La version que j’ai lue démarre avec une préface de Raymond Aron. Cette préface insiste beaucoup sur le parcours de Veblen. D’origine norvégienne, sa famille a immigré aux États-Unis dix ans avant sa naissance (1857). Pauvre, sa famille de douze enfants vit dans un milieu rural d’où il sortira pour poursuivre ses études qui le mèneront au doctorat. Selon Aron, cette origine étrangère, rurale et modeste marquera tous ses travaux. La théorie de la classe de loisir est son premier livre et fut écrit quand il avait déjà 42 ans.

Il a enseigné l’économie à Chicago, à Stanford et à New York, mais fut toujours isolé en raison de ses idées non conformistes. Même s’il fut peu reconnu de son vivant, sa pensée a laissé des traces et influence encore aujourd’hui bien des courants économiques. Cette préface situe l’apport de Veblen en lien avec les autres courants économique de son époque : classique, marxiste, etc. Elle est fort intéressante et permet de bien situer la place des apports de Veblen dans l’évolution de la pensée économique. De gauche, très critique de la classe dominante (l’objet de ce livre…), de la propriété privée, et de l’accaparation de la plus-value par les capitalistes, Veblen n’en rejetait pas moins le marxisme, qu’il considérait trop près des concepts de l’économie classique et de «la pseudo-rationalité du calcul hédoniste». Il contestait aussi la notion d’équilibre des classiques et fut parmi les premiers économistes à incorporer des principes d’évolution à l’économie.

Introduction

Un des éléments les plus confondants dans la lecture de ce livre est l’association que fait Veblen du comportement des classes sociales avec l’évolution de la société qu’il associe à différents stades allant de l’époque ancienne «sauvage et pacifique» (souvent sans propriété individuelle) à celle de son époque «barbare, guerrière et prédatrice». Dans cette dernière époque, on sépare les emplois des classes inférieures qui sont utiles et productifs (il parle des «métiers d’industries»), de ceux des classes supérieures qui ne doivent rien produire d’utile, car ils sont liés à leur niveau «d’honorabilité» : guerriers, prêtres, athlètes, politiciens, etc. Quand on sait que, encore aujourd’hui, la moitié des élus du Congrès aux États-Unis sont millionnaires, on peut constater que la division une peu grossière que fait Veblen n’est pas dépourvue de pertinence…

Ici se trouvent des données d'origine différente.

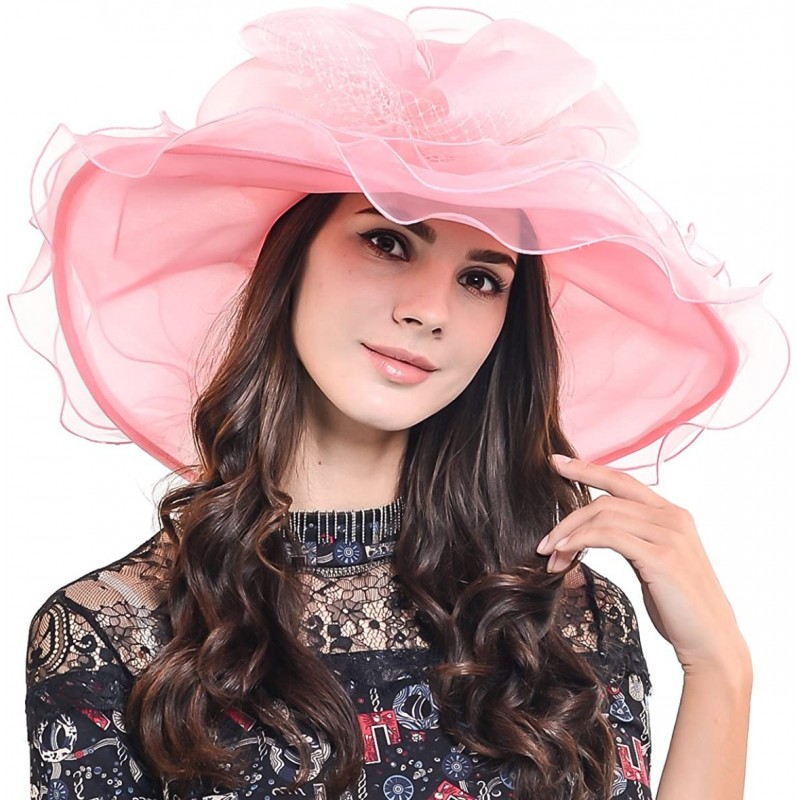 Sun Hats Women Organza Church Dress Kentucky Derby Fascinator Tea Party Wedding Hat - Floral Pink - CT11ZHNXCSJ $21.60
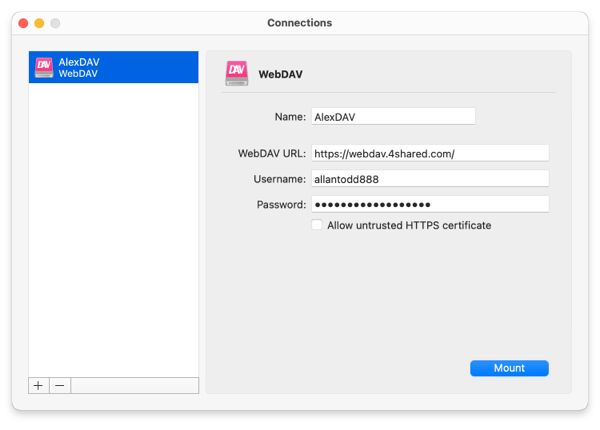 create webdav client filecloud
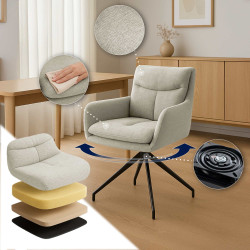 Chaise de salle à manger Somers en tissu crème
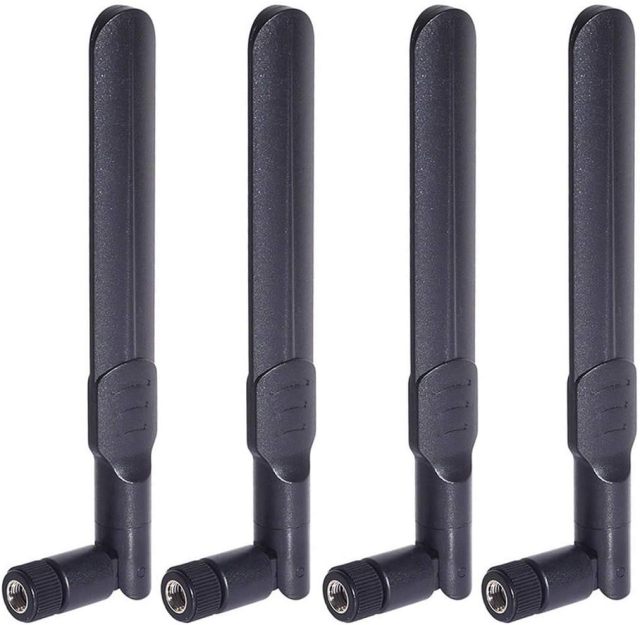 Bingfu Dual Band WiFi 2.4GHz 5GHz 5.8GHz 8dBi MIMO RP-SMA Male Antenna (4-Pack) for WiFi Router Wireless Network Card USB Adapter Security IP Camera Video Surveillance Monitor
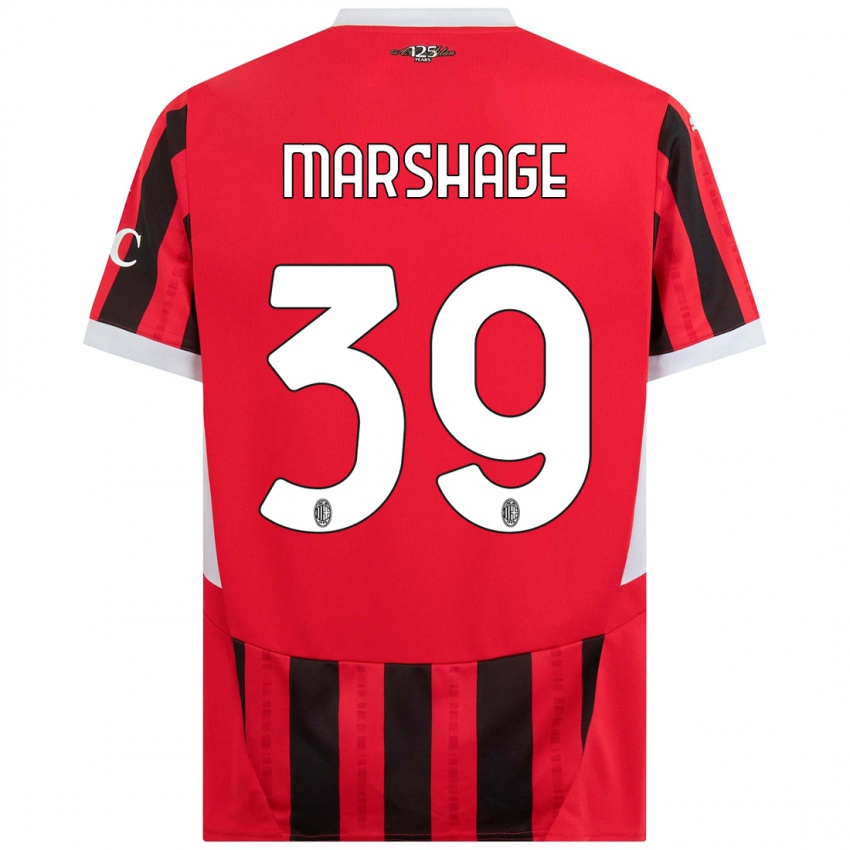 Bambino Maglia Wilgot Marshage #39 Rosso Nero Kit Gara Home 2024/25 Maglietta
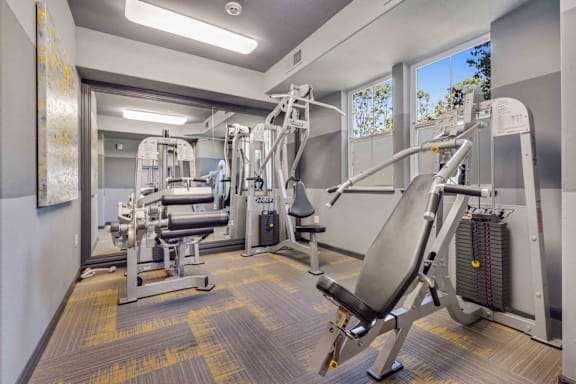 A gym with a variety of equipment including a leg press machine.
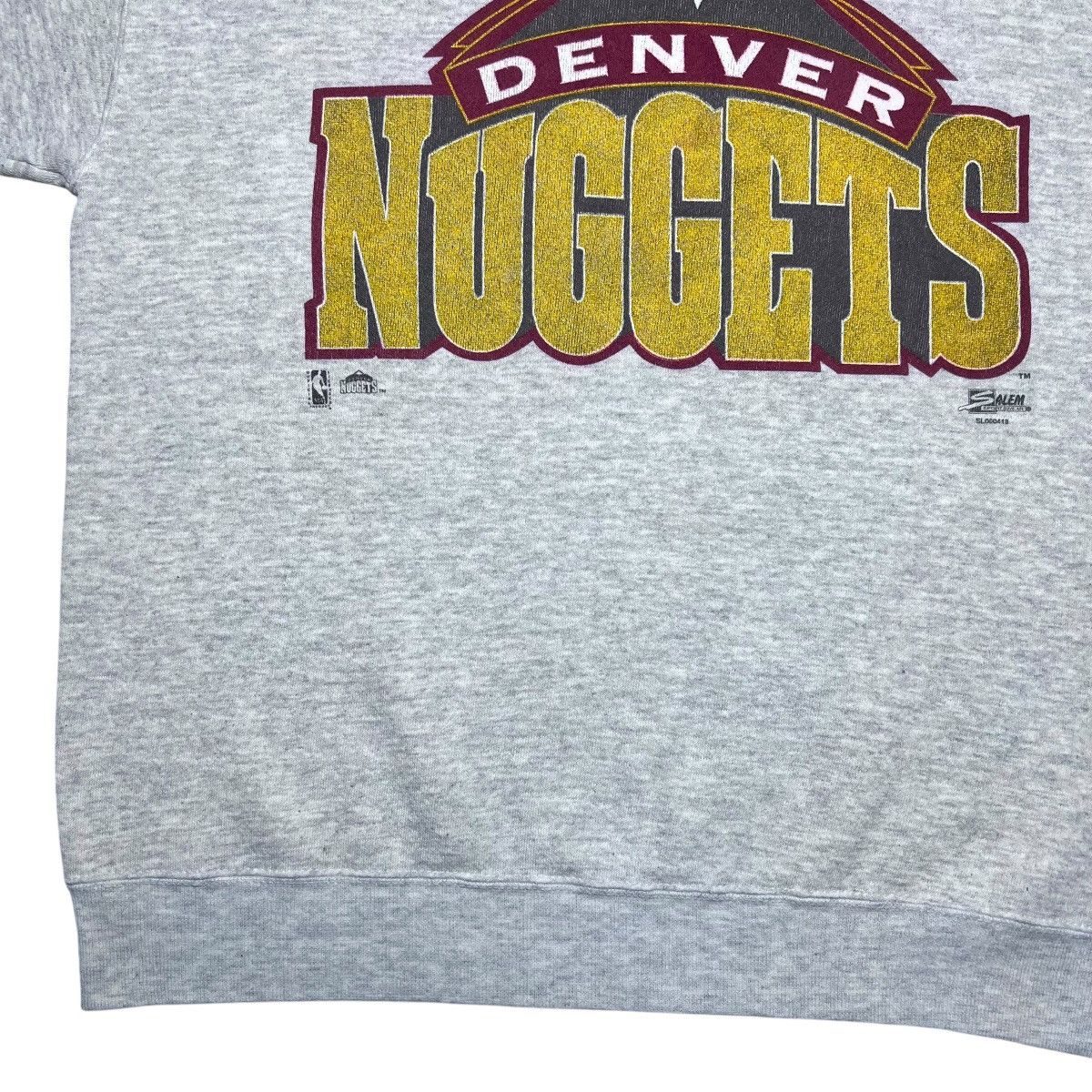 NBA × Salem Sportswear × Vintage 1990s NBA Denver Nuggets Logo Salem Sportswear Sweatshirt Size US L / EU 52-54 / 3 - 5 Thumbnail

Veblen montre aussi que cette classe supérieure, sa fameuse classe de loisir, perpétue son rôle de générations en générations, notamment grâce aux héritages et à l’éducation qu’ils donnent à leurs enfants, situation encore pertinente de nos jours, comme l’illustre cette citation tirée d’un article récent portant sur un rapport d’Oxfam : «Sans une véritable action pour réduire ces inégalités, les privilèges et les désavantages se transmettront de génération en génération, comme sous l’Ancien régime. Nous vivrons alors dans un monde où l’égalité des chances ne sera plus qu’un mirage». Leurs épouses ne doivent surtout pas travailler, mais se contenter de bien tenir la maison à l’aide de domestiques dont le nombre est davantage fonction de l’étalage de richesse que font les hommes de la classe de loisir que de leurs réels besoins. Mais, j’empiète déjà sur le concept suivant dont je voulais parler…

La consommation ostentatoire

J’ai déjà écrit quelques billets dans lesquels j’abordais le concept de consommation ostentatoire, c’est-à-dire celle qui est «destinée soit à montrer un statut social, un mode de vie ou une personnalité». Les exemples que donnent Veblen sont bien sûr très différents de ceux que j’y présentais (maison inutilement luxueuse, BBQ hors de prix, montre de marque, voiture sport, etc.), beaucoup de ces objets n’existant pas quand il a écrit son livre. En fait, plus que de simplement donner des exemples, Veblen parle plutôt d’une consommation associée à une classe qui veut se démarquer des autres.

Ensuite, il montre que chaque classe se réfère à celle qui lui est juste supérieure en aisance. Elle tente donc de copier son mode de vie et celle-ci tente de copier celle de la classe juste supérieure jusqu’à la classe ultime qui adopte un mode de vie que finalement tous veulent copier. Cette classe détermine donc les objets ostentatoires que tous finissent par convoiter. Veblen explique aussi que, une fois habitués à un mode de vie, bien des membres de ces classes pourront difficilement abandonner le niveau de consommation ostentatoire atteint si jamais leur revenu venait à diminuer. Certains se passeront même de l’achat de biens essentiels pour donner l’illusion qu’il appartient toujours à la même classe.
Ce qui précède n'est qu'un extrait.